That's interesting, Flunch.

I've also wondered a few times about using additional heat recovery in ordinary power generating plants. It would have to be done carefully, though, so as to not back-throttle the turbine exhaust.

Normally, at least in the ones I've seen, they use water sprayed on the turbine exhaust and the resulting hot water is first used to pre-heat the water being pumped to the boilers and is then routed to the cooling towers where the temperature is knocked down enough for discharge into a nearby river.

It's always seemed to me that between the inlet pre-heating stage and the cooling towers, a fair part of that waste heat could be used to drive something like a very large bank of Stirling's or something similar. Perhaps even vapor-driven turbines that use a low-boiling point working fluid in a sealed system.

 

Light,

This sort of heat recovery system I was talking about is making more sense now that energy is no longer dirt cheap. It's used quite a bit in remote situations like mine sites where multiple large diesels or heavy-fuel engines run all the electrical power for the mine. The heat is recovered using heat exchangers instead of being dumped to a radiator bank and is used to heat the buildings at the mine site.

 

Yes, that would be very apporiate indeed.
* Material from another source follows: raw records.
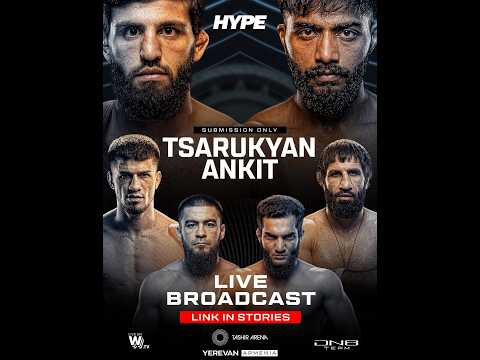 Arman Tsarukyan vs Ankit Baiyanpuria Live - Hype Fighting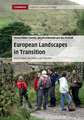 European Landscapes in Transition: Implications for Policy and Practice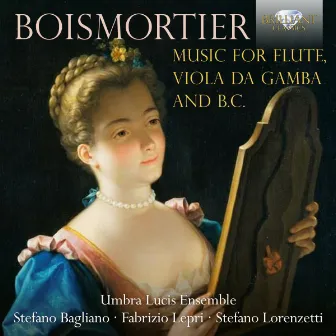 Boismortier: Music for Flute, Viola da Gamba and B.C. by Umbra Lucis Ensemble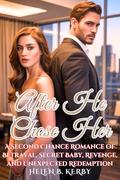 After He Chose Her: A Second Chance Romance of Betrayal, Secret Baby, Revenge, and Unexpected Redemption by Helen B Kerby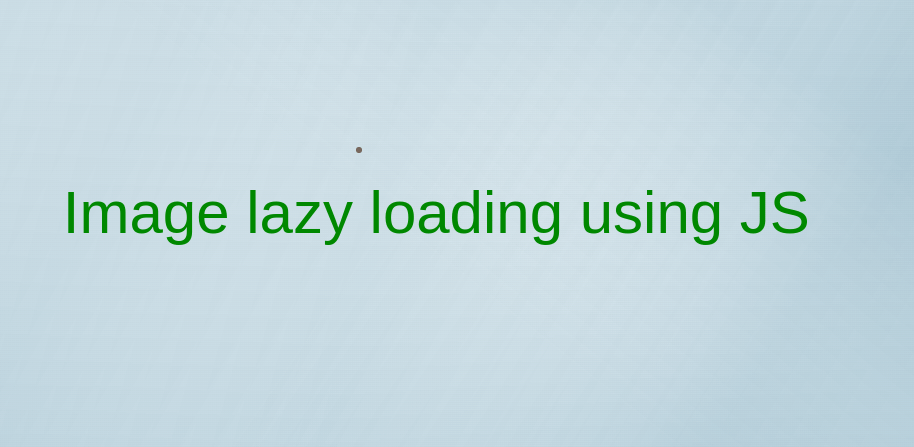 Image lazy loading using JS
Another class of situations where that would make sense are industries that use large amounts of heat in their routine daily business. Without giving it a great deal of though, one that comes to mind immediately for co-generation is a bakery. Generate the electrical power they need from natural gas (which currently fires many power generating stations) and use the "waste" heat in their ovens. I'm sure there are many more applications very similar to that. (Breakfast-food cereal companies, any process that requires drying, etc.)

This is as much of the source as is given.